--- Provided records ---
◇ ◇ ◇ ◇

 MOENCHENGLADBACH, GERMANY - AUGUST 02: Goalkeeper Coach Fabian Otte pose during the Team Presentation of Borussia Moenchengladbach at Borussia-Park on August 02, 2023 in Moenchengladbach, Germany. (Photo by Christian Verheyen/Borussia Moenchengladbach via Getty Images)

◇ ◇ ◇ ◇

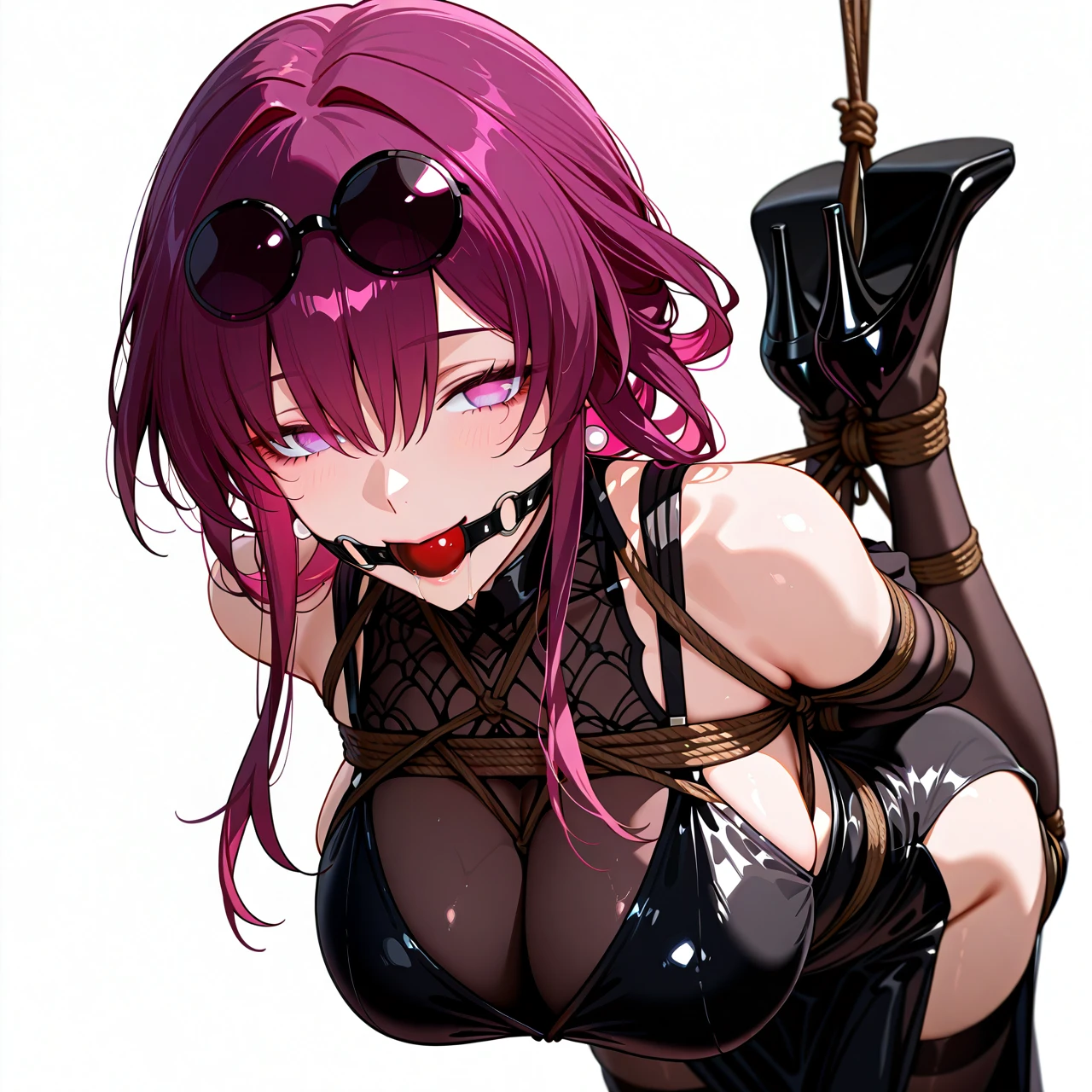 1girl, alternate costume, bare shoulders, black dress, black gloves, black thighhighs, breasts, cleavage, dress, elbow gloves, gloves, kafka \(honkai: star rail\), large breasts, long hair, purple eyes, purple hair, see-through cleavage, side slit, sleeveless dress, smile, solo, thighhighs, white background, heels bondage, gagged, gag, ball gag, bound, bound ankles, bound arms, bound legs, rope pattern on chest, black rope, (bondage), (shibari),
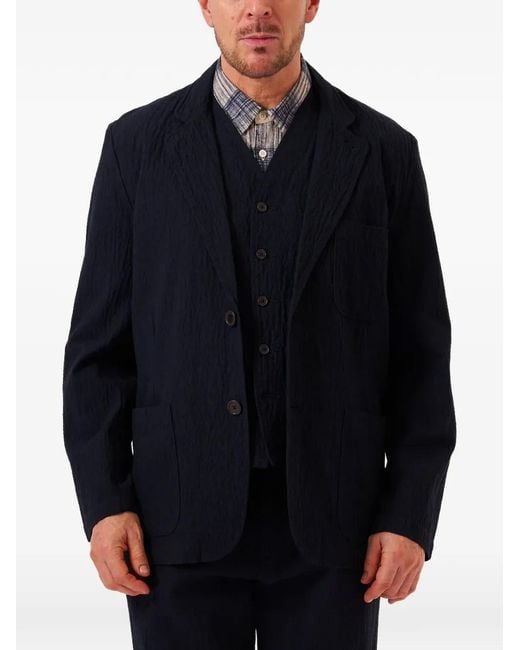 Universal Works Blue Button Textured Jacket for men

◇ ◇ ◇ ◇

--- Your instructions ---
Both boundary lines included, write out word for word only the lines above from the one containing "1girl, alternate costume, bare" to the one containing "Universal Works Blue", leaving out any pictures.

--- Result of this exercise ---
 1girl, alternate costume, bare shoulders, black dress, black gloves, black thighhighs, breasts, cleavage, dress, elbow gloves, gloves, kafka \(honkai: star rail\), large breasts, long hair, purple eyes, purple hair, see-through cleavage, side slit, sleeveless dress, smile, solo, thighhighs, white background, heels bondage, gagged, gag, ball gag, bound, bound ankles, bound arms, bound legs, rope pattern on chest, black rope, (bondage), (shibari),
 Universal Works Blue Button Textured Jacket for men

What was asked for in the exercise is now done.